Assigned task
Go to the line containing "Flaming King Dice" in the material below. From there to the end, retype every line exactly and drop the pictures.

Data section
:::

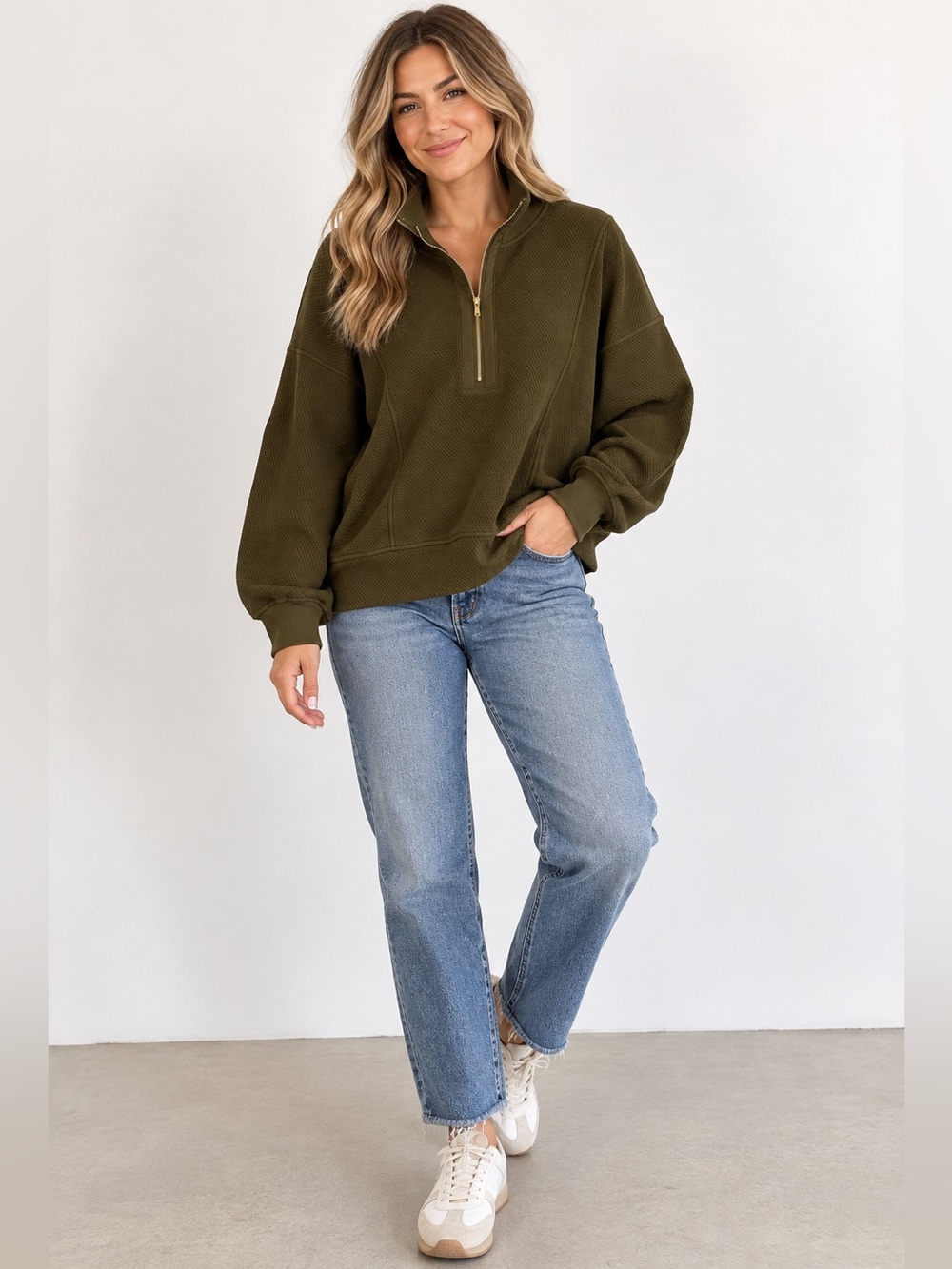 CALIA Elevate Ripple 1/4 Zip Dark Khaki Olive Size XL NEW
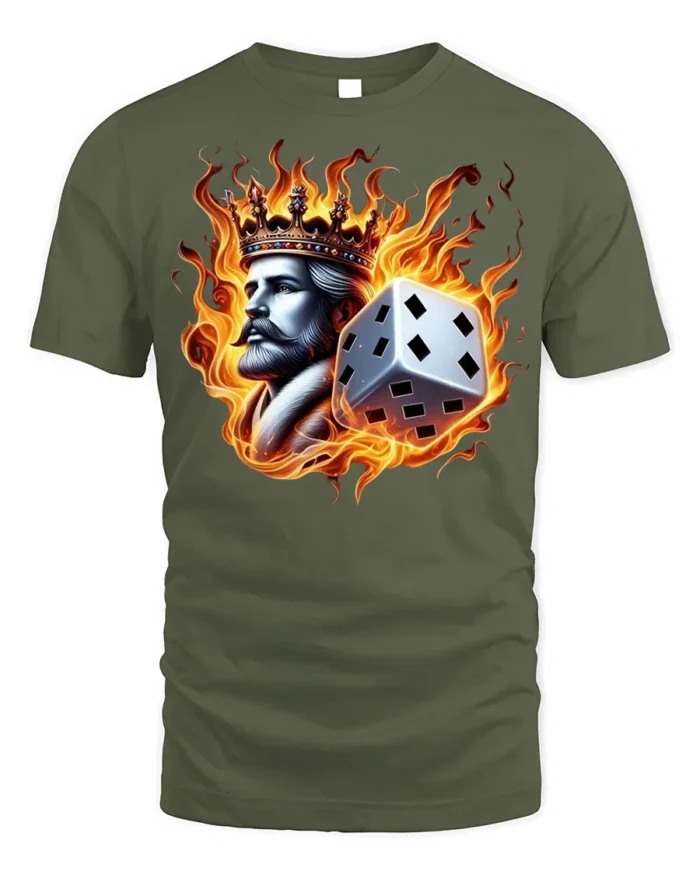 Flaming King Dice T-shirt - Bold Fire Crown Graphic - military green t-shirt on white background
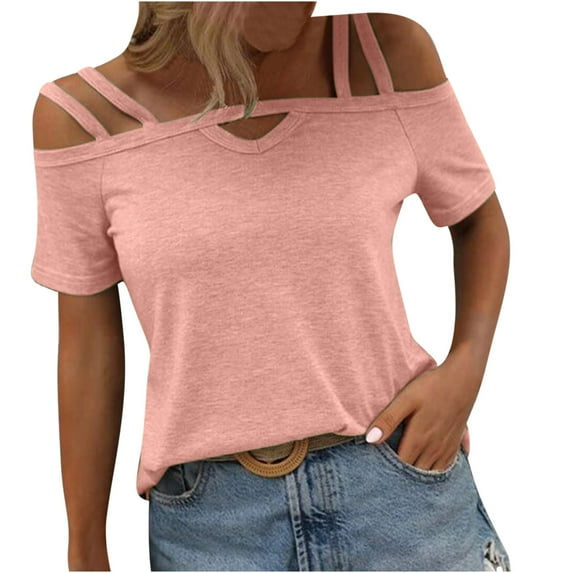HAPIMO Women's Loose Cotton Lined Pullover Trendy Solid Color Cold Shoulder Shirts for Teen Girls Summer Tees Short Sleeve Casual Relaxed Workout Tops Pink M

:::

Answer section
 Flaming King Dice T-shirt - Bold Fire Crown Graphic - military green t-shirt on white background
HAPIMO Women's Loose Cotton Lined Pullover Trendy Solid Color Cold Shoulder Shirts for Teen Girls Summer Tees Short Sleeve Casual Relaxed Workout Tops Pink M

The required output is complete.